A blond man wearing the Horde's blue colors grabbed Agnian. He held a limp arm, and had a nasty gash across his bruised face. "Agnian! He has Alik. I heard her screaming her own damn name maybe twenty minutes ago."
Agnian withdrew his sword and sprinted for the exit. Reed turned to grab Elaine, but both she and Hvard disappeared. He shouted after Agnian, "He has Elaine!"
Reed ran for the dimly lit entrance at the end of the hallway with the few men from the cells that could fight at his heels. They halted abruptly when the corridor ended in a circular room with a large cage in the center. Efendian girls gripped the bars. Beyond the cage, a staircase spiraled up to a round opening in the dirt ceiling.
He dimly registered Agnian and the others fighting the handful of guards that were waiting for them. Elaine kicked her skinny legs furiously in the air, struggling against Hvard's hand over her mouth to his right.
However, Reed was rooted to the ground; a boy again taught to fear a faceless man. He focused on the cloaked stranger walking down the steps. He never met his father, but there was no mistaking who this was when the man turned to him fully.
They shared the same nose and jawline, the same eye shape, and the same determined brow. Wisps of white hair clung to skin leached of all color, a watered-down version of the skin wrapped around Reed’s shaking fists.

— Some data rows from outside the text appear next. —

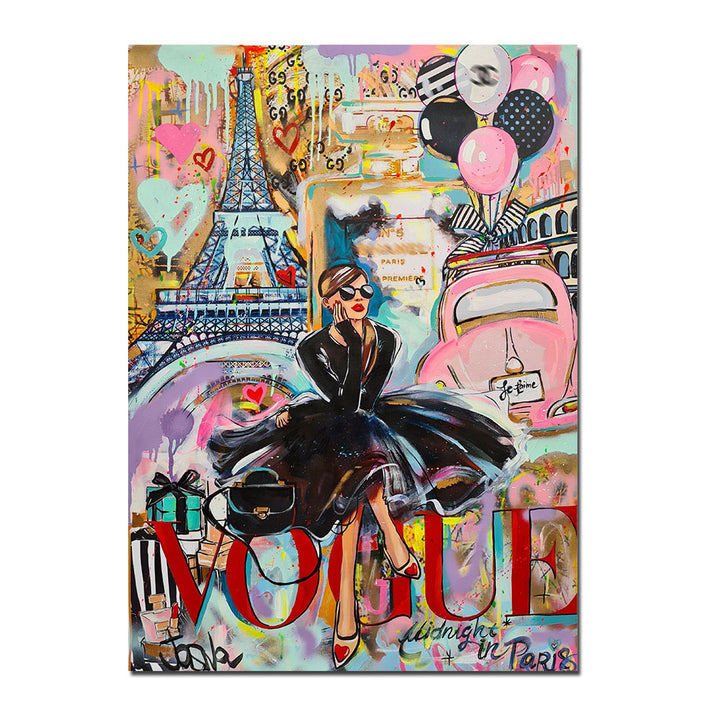 VibeCore Audrey Hepburn Graffiti Canvas Prints Option A: Woman in black dress in Paris 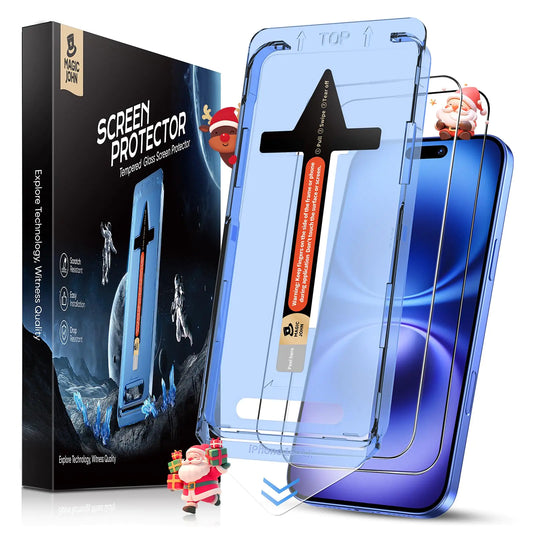 Packaging and product image of a Magic John tempered glass screen protector for iPhone, demonstrating the bubble-free feature with a visual representation of air bubbles not appearing on the screen protector.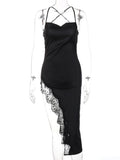 Dulzura Lace Patchwork Women Strap Midi Dress Side Slit Backless Bodycon Sexy Party Club Festival Elegant  Winter Evening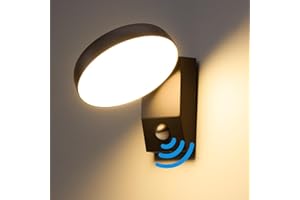 ‎BOJIM Bojim LED Wandleuchte Aussen mit Bewegungsmelder, IP65 Aussenleuchte mit Schwenkbar Panel, 18W 1600LM 3000K Warmweiß Außenwandleuchte Runde Wandlampe für Haustür Garage Garten Terrasse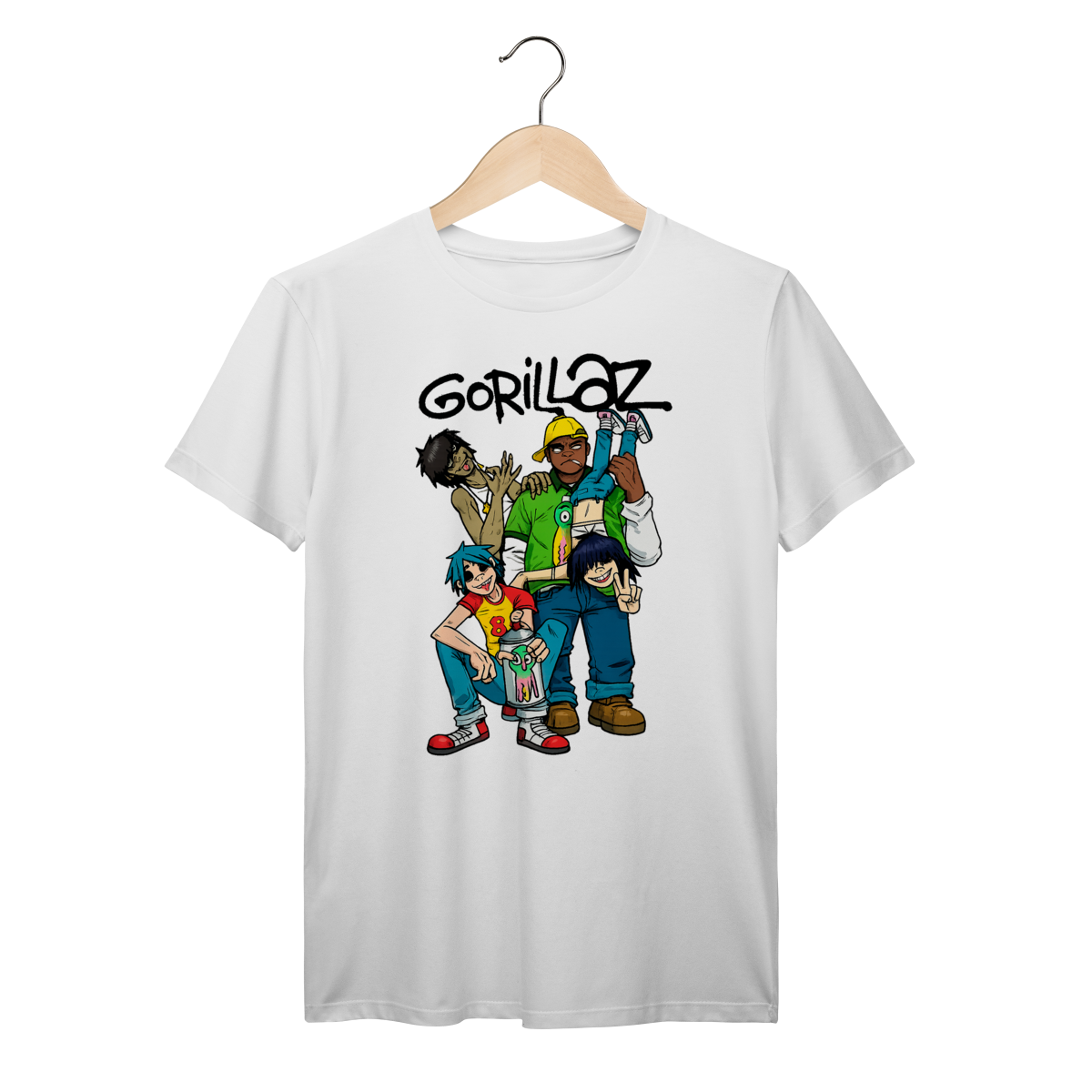 Nome do produto: Camiseta Gorillaz Streetwear Indie Vintage algodão Prime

Reed's stomach roiled as his father said with an expanding grin, "I've been looking for you for quite some time. Tell me, how is lovely Alisha?"
Reed flashed to the first day they felt him in their new world.
His mother found a job waiting tables; Reed binged American TV. Their new life began to soften like a pair of broken-in shoes. His mother came home to the motel room they paid for
by the week, keys not yet tossed to the table, and the neighbor boy walked by the open doorway. He sang the same lullaby that would haunt Reed for the rest of his life. His mother stilled, panic brushing over her face, erasing that fleeting contentment.
Whatever Dua his mother held, she never used in the twelve years they ran from his father, fearing it would somehow bring him back to them. They'd starved, lived in fear, and finally escaped. Reed didn't understand why the song frightened his mother so, but when they ate dinner that night, she explained that his father sang the same song the night they met.
When she and Reed heard it again six months and two moves later, she told him that his father must have found her, and she said that if anything happened to her, he was to call the number she pinned to the motel room door. Reed assumed she was just cautious, but she was gone when he came home from school the next day. He waited an entire week alone before he called the number, and three days after the social worker moved him to a foster care home, the cops found his mother's body on a hiking trail.
The guards tossed black cloaks over themselves, making it appear that Agnian and the others fought air. Reed might as well have been alone in a room with his father though as he stalked towards him from around the cage. The anger coursing through him overrode his fear.
Reed said, "You killed her. She Rifted to another goddamned world to get us away from you, and it still wasn't enough." He opened and closed his fists, feeling the power his curse granted him fizz through every cell of his body. "She killed herself, thinking that would be the only way to sever your tie and It. Did. Nothing.”
"And for what?" Reed cried out. The question he had asked himself and his mother for years. "What do you want from me? This??" He raised his arms and pulsed the flames from the surrounding torches high, the room suddenly brighter and the shadows longer.